While the recently passed Farm Bill continues to provide unlimited farm program payments and crop insurance premium subsidies to the nation’s largest and wealthiest mega-farms, there are some things that the legislation does – or more aptly, does not do – that merit mention. As the Farm Bill Conference Committee made an 11th hour deal to move the Farm Bill forward, changes to two major livestock market reforms were notably absent.
Meatpacking companies and their allies such as the National Pork Producers Council, lobbied hard through the very end to strip the Secretary of Agriculture’s ability to write rules under the Packers and Stockyards Act that would provide some protections for livestock and poultry producers. And the same industry groups fought to prevent the strong 2013 rules regarding country of origin labeling (COOL) of meat and other food products from being enacted.
This was a David and Goliath tale with scores of farm, ranch, rural, and consumer groups – including the Center for Rural Affairs – working together to win the day over well-heeled industry lobbyists. Of course, we will need to remain ever vigilant, especially in the Congressional appropriations process. That’s where industry lobbyists have secured legislative riders that prohibited USDA from completing much-needed rules to protect farmers and ranchers from undue, unjust. and discriminatory tactics use by large, multinational meatpacking corporations.

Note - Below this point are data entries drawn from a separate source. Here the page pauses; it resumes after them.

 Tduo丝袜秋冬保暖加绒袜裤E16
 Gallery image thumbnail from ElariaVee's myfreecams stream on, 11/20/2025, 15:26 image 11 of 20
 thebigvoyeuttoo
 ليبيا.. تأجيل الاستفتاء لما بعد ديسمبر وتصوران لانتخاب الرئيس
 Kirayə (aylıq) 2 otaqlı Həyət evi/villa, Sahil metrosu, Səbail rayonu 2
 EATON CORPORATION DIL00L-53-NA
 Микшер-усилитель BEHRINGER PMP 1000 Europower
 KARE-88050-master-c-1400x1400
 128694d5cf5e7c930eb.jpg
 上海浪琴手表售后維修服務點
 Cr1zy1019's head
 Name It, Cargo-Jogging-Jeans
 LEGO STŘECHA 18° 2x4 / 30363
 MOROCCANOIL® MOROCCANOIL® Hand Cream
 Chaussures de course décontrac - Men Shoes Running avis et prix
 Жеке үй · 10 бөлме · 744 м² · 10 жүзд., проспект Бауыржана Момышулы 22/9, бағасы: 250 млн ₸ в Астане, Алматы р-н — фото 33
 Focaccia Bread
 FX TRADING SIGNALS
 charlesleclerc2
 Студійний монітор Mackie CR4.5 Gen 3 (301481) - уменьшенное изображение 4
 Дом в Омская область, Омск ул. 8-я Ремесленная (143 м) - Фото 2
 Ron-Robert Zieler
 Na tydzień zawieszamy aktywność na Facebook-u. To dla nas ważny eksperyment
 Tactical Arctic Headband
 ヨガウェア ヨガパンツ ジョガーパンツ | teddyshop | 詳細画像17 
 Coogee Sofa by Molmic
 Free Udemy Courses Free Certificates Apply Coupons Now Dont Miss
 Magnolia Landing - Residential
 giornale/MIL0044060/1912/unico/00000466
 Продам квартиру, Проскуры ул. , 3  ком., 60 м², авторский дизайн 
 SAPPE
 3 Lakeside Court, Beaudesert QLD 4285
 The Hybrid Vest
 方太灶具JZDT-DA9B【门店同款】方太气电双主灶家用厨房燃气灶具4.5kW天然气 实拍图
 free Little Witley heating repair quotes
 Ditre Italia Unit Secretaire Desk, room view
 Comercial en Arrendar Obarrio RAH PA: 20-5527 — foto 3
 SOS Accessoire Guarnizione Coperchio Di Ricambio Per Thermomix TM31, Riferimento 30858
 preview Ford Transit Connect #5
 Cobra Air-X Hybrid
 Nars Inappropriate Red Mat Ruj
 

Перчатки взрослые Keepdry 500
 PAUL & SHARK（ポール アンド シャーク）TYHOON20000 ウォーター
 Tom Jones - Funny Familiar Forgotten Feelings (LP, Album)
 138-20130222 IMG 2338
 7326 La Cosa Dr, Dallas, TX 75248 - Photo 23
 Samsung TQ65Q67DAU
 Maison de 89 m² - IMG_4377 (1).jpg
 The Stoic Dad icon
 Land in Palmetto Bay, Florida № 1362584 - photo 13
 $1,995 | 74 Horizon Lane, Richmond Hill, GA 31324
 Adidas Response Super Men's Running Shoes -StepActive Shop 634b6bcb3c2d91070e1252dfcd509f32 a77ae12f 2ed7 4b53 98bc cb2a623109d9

A bill introduced last month in the Nebraska Legislature, LB 942, would remove the restriction on packer ownership of hogs in Nebraska. Clearly, the bill intends to grease the skids for corporate hog production in Nebraska, under the logic that hog production is already significantly vertically integrated. However, as we’ve said many times, in a world where packers own all the livestock, what place is there for farmers and ranchers? Nebraskans should reject LB 942.